Les femmes sont de plus en plus présentes au sein des entreprises suisses. Elles y occupent un nombre croissant de postes à responsabilité. L’évolution se révèle donc positive mais de nombreux défis demeurent. Line Pillet, professeure et directrice de l’Institut entrepreneuriat et management (IEM) de la HES-SO Valais et présidente de l’association Femmes PME Suisse romande, connaît bien les obstacles que doivent surmonter les femmes dans le monde professionnel. Interview.
La place des femmes s’est-elle améliorée dans les entreprises en Suisse?
Line Pillet: La situation a globalement évolué positivement ces dernières années. Le taux de femmes actives occupées est aujourd’hui à 60% (taux en équivalents plein-temps, ndlr). En 2019, environ la moitié d’entre elles exerçaient une profession hautement qualifiée, ce qui représente une augmentation d’environ 20% en comparaison à 2010 selon les données de l’Office fédéral de la statistique (OFS). C’est particulièrement le cas dans les PME. Cette évolution reste néanmoins plus difficile dans les grandes entreprises, qui fonctionnent encore souvent de façon très hiérarchique, avec une vision plus traditionnelle du leadership. Les défis restent donc nombreux.
La Suisse reste encore loin de l’égalité salariale, avec un écart de près de 20% entre femmes et hommes. Comment l’expliquer?
Malheureusement, cette idée qu’une femme fera une carrière moins rectiligne, souvent à temps partiel, persiste. Elle laisse place à de nombreux préjugés, comme le fait que ces candidates s’engageront moins. Pourtant, ce n’est pas parce qu’un parcours de carrière est temporairement interrompu que les compétences seront moindres, au contraire! De nombreuses femmes en profitent pour continuer à se former.
Travailler à temps partiel constitue-t-il un frein pour accéder à un poste à responsabilité?
Il peut être difficile d’accéder à un poste à responsabilité avec un taux de travail à 40%, par exemple. Néanmoins, beaucoup de ces fonctions peuvent être gérées à 80%. Il existe également de nouveaux modèles de travail intéressants, comme le «job sharing» (partage de poste). Cette méthode demande une bonne coordination et une complémentarité entre les deux personnes qui se partagent la tâche, mais les avantages sont considérables, en matière de disponibilité comme pour les prises de décision. Ce modèle représente un gain de productivité pour l’entreprise et permet une meilleure conciliation de l’équilibre travail-famille.
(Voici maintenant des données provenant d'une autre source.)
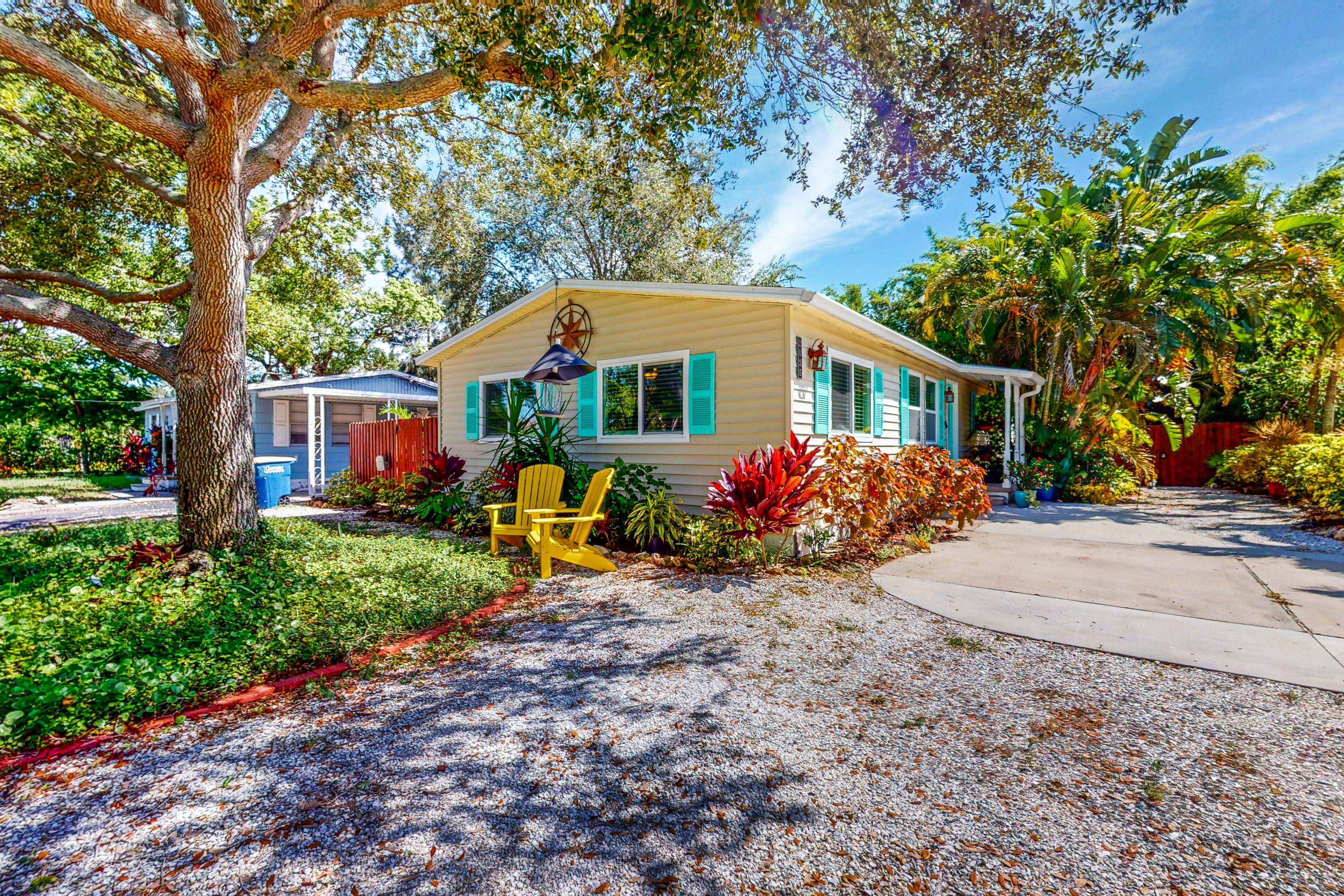 Charming, dog-friendly home with lanai & washer/dryer - near downtown, beach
Quels sont les principaux défis pour les femmes, selon vous?
La représentation équitable des hommes et des femmes à la tête des grandes entreprises ne progresse que très lentement, malgré la nouvelle loi en vigueur. Selon l’étude «Business monitor 2019», elles sont moins de 20% à être membres du conseil d’une société anonyme en Suisse et seulement 9% à en occuper la présidence. Autre défi majeur: l’égalité salariale. Les salaires doivent être définis en fonction des compétences et des responsabilités. Les femmes ont ici leur rôle à jouer, en se renseignant sur les barèmes et les salaires appliqués au sein de l’entreprise. Il sera ainsi plus facile de négocier une rémunération juste.
Enfin, la question de la prévoyance est un élément central. Notre système est équitable au niveau du 1er et du 2e pilier, mais ce n’est pas le cas pour le 3e, qui n’est accessible qu’aux personnes exerçant une activité professionnelle rémunérée. Ce modèle pénalise de nombreuses femmes mais aussi des couples. Il devient donc urgent de repenser le cadre légal de notre couverture retraite.